I've written an emulator before, mainly one for a 80386 when I worked for Cyrix years ago. So I feel this is possible.

But I'm wondering about obtaining ROM images from a 16C. Are there service manuals available that document the pinout of the ROM such that a ROM could be extracted from a 16C and read-out? It seems like the 12C is similar in hardware design, so perhaps this could be tested on a donor 12C (cheaper to obtain) before trying it on a 16C ROM.

If anyone has info that would help me out, I'd appreciate it.

Also, any thoughts on the feasibility of this project?

Thanks,
--Anil


#6

Just to start the thread...

Hello;

I read many information about the Voyager that was posted here by some contributors, mostly by Tony Duel (Hey, Tony, where are you?), and I will reproduce them here: (O.K., Tony?)

"The original Voyagers contained 2 chips. The smaller one is a Nut CPU (similar to the CPU in the HP41 -- the data sheet gives the differences, mostly to do with voltage levels). As in the HP41, it contains the keyboard scanning logic. The larger chip is called R2D2 (ROM/RAM/Display Driver) [Seriously], and is what it says it is. As it contains the ROM, it is machine-specific. I'd always assumed that the third chip in the 15C was ROM/RAM, but I have no definite proof of this."

My question at that time was about a freaky 11C with more than 400 available program lines.

I also believe that hardware emulation IS feasible, possible and, if well designed, would run the ROM image for the emulated calculator. You face the same problems I faced before.

Another contributor that has dealt into the 41´s guts is Pavel Korensky. Mr. Cameron Paine wrote an HP16C emulator that runs on the Win-PC structure (runs a lot well!). If I am not wrong, Cameron wrote the code itself. The HP16C is mostly based on digital logic, so the emulator would use part of the digital resources already available in the processor and emulate special characteristics - operating stack, registers, program-line codes, etc.

Pavel found a very good microcontroler from ATMega that I believe has features enough to emulate most of the 16C. I believe another one to scan the keyboard and drive the LCD and the rest is a lot of sweat and time, knowledge, neural activity, time spent...

Let’s keep this thread... Come you all, Pavel, Tony, Cameron, any... Let's go for it.


#7

Hi Luiz,

Thanks for the information you provided.

I should probably clarify my desire a little bit.

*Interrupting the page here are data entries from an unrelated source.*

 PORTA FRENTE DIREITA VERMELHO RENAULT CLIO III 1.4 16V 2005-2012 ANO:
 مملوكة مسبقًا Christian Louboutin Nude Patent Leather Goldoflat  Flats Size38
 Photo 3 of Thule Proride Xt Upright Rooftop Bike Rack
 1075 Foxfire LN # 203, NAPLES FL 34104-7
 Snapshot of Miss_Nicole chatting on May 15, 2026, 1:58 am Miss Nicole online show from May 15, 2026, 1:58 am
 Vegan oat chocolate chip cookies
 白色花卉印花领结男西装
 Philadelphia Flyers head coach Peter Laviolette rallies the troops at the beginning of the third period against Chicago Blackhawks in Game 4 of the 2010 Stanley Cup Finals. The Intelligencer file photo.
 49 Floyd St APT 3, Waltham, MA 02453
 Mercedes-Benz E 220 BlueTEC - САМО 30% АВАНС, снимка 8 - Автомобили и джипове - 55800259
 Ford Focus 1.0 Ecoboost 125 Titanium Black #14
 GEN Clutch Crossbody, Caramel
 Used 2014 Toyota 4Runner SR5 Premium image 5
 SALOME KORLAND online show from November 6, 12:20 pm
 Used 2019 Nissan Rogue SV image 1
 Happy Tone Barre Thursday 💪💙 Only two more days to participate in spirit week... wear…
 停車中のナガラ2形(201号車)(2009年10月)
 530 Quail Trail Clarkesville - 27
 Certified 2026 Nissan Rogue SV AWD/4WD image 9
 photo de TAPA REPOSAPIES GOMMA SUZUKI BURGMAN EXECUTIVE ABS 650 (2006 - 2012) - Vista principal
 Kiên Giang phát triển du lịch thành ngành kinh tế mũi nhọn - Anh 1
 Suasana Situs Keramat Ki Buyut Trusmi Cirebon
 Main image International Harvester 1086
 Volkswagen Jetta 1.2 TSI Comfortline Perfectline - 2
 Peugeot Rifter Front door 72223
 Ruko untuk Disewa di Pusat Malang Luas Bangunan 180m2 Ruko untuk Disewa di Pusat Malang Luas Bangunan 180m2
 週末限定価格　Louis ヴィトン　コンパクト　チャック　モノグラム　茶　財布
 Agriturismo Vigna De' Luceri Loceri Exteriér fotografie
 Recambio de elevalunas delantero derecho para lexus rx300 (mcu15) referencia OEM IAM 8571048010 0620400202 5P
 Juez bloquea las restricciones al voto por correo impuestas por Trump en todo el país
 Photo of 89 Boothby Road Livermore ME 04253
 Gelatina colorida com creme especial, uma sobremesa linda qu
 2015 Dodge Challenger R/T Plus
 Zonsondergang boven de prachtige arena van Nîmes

I'm interested in writing a software emulator for the HP 16C, not developing a hardware emulator. I see writing a emulation environment ofr the Nut CPU, RAM, ROM, keypad and display in some language like C++. Then I'd load a ROM image from a 16C and execute it. The LCD/keypad would be hooked up to some GUI like Windows or Pocket PC so you could run the emulator on popular platforms.

So where would I find data sheets on this Nut CPU and the R2D2 chip? Are they available on the net somewhere?

Thanks,
--Anil

P.S. I'll be out of town for a few days, so I may be late in responding to replies to this thread.

#8

You are correct Luiz. My software is a simulator, not an emulator. I considered emulation but rejected it primarily because of the intellectual property issues and secondarily because the Voyagers had no removable storage. I figured that any significant or reuasable program that exists for the 16C would be recorded on paper, not as a bitstream.

Anil's idea is an interesting one although I'm still leery of the IP situation. AFAIK, the ROM of the 16C has never been published; nor is it in the public domain. If he manages to suck the ROM out of the calculator he would have little use for the things I've learned about the behaviour of the calculator or the methods I've used to simulate them.

Anil, if you think I can be of assistance, don't hesitate to ask.